Probability is one of the most useful and least intuitive branches of mathematics. A 2.70% house edge sounds trivial until you simulate thousands of spins and watch it compound. A positive medical test sounds alarming until Bayes’ theorem shows the real posterior probability. The Birthday Paradox sounds impossible until you slide the counter to 23 people. Interactive simulation turns these abstract results into something you can feel.
What you can explore
Our tools span classic probability problems and core statistical concepts, including the roulette house edge, the law of large numbers, the binomial distribution, the Birthday Paradox, Bayes’ theorem, expected value, confidence intervals, the Central Limit Theorem, and more. Each tool is paired with explanatory articles that work through the underlying mathematics step by step.
Educational, not gambling
Some of our simulations are based on casino games — roulette, blackjack, and poker — because they are the clearest real-world laboratories for expected value, variance, and long-run behavior. We study them the way a physicist studies a frictionless plane: as clean models for understanding a mathematical idea.
To be unambiguous: The Probability Lab is built for mathematical curiosity and education. Our content explains probability, expected value, and long-run mathematical behavior.

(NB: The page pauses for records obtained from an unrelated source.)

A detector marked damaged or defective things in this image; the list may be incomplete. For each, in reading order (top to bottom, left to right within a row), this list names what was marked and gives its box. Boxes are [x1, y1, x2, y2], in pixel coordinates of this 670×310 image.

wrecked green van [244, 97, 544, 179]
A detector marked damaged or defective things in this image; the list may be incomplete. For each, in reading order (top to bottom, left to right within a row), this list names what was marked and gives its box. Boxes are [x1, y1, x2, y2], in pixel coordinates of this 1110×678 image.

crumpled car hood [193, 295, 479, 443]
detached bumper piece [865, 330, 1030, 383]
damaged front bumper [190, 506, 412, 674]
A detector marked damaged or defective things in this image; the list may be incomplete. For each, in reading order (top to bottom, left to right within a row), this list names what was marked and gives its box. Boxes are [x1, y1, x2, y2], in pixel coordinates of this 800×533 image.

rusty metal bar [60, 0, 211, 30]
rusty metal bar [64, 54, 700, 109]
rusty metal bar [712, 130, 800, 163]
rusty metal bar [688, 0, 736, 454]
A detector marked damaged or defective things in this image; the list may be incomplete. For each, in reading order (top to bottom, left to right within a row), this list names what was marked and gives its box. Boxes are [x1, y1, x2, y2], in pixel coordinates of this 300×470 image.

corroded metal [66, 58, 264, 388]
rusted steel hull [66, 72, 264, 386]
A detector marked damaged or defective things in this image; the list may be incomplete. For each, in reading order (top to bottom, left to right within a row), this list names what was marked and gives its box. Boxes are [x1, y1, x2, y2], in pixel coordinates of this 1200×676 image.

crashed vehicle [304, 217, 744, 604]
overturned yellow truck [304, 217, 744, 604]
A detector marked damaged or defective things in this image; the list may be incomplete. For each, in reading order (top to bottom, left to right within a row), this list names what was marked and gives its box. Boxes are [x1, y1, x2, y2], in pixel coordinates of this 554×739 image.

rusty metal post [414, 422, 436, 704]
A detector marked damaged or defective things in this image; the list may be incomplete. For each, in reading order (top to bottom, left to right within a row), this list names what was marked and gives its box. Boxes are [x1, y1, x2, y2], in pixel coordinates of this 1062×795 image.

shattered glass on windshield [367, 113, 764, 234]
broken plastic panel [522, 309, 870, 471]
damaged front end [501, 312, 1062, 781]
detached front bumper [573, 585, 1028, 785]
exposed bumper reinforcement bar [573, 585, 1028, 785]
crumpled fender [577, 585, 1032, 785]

It is not gambling, financial, or betting advice, and it does not encourage gambling. If you or someone you know is struggling with gambling, please seek help from a qualified support organization in your region.
How the tools stay free
Every tool and article on The Probability Lab is free, with no paywall and no account required. The platform is supported by advertising, which we keep out of the interactive areas of each tool so it never disrupts a calculation. Results are stored anonymously via a random session ID; we do not collect personal data without consent. See our Privacy Policy and Cookie Policy for details.
How our simulations work
Our simulations use the browser’s Web Crypto API for high-quality randomness rather than a basic pseudo-random generator, and all statistical formulas are computed in the open. If you ever find a calculation that looks wrong, we want to know — contact us and we will investigate.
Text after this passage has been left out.